Problem requirements: Within the records below, find each line that holds the string "photo", then copy it.

Data extracted from a collection
▬▬▬▬▬▬▬▬▬▬

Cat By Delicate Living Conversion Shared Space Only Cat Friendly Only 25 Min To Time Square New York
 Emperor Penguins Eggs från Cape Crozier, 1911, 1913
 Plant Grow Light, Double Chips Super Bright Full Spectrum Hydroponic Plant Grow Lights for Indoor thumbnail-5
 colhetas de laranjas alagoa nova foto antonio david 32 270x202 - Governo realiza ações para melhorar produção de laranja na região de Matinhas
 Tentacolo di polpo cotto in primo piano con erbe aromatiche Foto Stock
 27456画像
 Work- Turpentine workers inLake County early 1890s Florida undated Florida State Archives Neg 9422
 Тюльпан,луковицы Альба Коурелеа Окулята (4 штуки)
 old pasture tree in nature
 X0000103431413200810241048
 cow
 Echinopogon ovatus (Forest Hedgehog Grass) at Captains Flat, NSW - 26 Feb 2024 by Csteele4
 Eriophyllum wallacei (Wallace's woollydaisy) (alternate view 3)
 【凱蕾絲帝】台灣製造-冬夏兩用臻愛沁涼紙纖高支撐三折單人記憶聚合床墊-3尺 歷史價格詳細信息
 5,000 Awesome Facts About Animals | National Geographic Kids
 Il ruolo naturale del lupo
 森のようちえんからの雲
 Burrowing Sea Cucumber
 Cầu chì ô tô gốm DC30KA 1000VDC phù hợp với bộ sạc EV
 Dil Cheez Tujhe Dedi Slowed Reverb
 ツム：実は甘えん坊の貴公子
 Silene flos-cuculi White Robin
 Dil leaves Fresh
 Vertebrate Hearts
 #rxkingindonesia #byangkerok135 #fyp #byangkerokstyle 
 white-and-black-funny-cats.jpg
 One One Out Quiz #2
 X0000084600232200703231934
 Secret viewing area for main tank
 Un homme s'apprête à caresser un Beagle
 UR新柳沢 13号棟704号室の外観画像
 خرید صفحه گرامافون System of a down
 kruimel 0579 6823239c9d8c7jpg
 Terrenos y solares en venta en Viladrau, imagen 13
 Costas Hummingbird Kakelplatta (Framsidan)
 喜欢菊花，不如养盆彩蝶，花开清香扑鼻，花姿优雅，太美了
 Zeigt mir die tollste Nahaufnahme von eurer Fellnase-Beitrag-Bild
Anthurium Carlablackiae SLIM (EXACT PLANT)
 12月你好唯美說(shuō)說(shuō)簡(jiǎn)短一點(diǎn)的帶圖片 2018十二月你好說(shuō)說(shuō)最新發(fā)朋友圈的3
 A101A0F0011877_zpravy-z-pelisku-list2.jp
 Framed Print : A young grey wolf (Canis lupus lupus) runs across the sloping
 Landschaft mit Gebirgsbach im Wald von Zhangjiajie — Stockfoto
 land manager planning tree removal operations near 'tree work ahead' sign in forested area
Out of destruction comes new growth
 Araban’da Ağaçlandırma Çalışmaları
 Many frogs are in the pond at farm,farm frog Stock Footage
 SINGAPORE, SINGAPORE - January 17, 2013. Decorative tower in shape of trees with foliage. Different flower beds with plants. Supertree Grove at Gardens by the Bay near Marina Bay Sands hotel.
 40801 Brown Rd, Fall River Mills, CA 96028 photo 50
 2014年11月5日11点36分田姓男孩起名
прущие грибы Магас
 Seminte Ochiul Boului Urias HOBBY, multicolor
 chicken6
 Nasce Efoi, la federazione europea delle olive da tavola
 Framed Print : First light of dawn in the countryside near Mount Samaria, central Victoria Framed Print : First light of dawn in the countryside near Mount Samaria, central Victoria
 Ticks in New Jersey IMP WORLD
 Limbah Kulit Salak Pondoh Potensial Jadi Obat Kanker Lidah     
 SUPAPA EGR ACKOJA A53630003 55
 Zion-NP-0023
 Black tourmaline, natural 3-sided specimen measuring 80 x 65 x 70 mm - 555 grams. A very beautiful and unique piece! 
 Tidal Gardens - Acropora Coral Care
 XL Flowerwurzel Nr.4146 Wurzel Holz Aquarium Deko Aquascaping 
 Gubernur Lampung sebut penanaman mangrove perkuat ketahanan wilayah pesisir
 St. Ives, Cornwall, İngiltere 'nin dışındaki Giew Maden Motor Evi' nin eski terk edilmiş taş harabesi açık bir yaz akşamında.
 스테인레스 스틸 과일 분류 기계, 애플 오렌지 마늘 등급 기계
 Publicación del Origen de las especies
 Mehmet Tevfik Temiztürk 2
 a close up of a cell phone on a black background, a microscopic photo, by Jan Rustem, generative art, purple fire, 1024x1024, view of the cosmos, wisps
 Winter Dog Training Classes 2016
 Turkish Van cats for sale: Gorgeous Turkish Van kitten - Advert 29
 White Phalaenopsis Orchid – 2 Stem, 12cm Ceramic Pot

▬▬▬▬▬▬▬▬▬▬

Completed exercise:
 40801 Brown Rd, Fall River Mills, CA 96028 photo 50
 a close up of a cell phone on a black background, a microscopic photo, by Jan Rustem, generative art, purple fire, 1024x1024, view of the cosmos, wisps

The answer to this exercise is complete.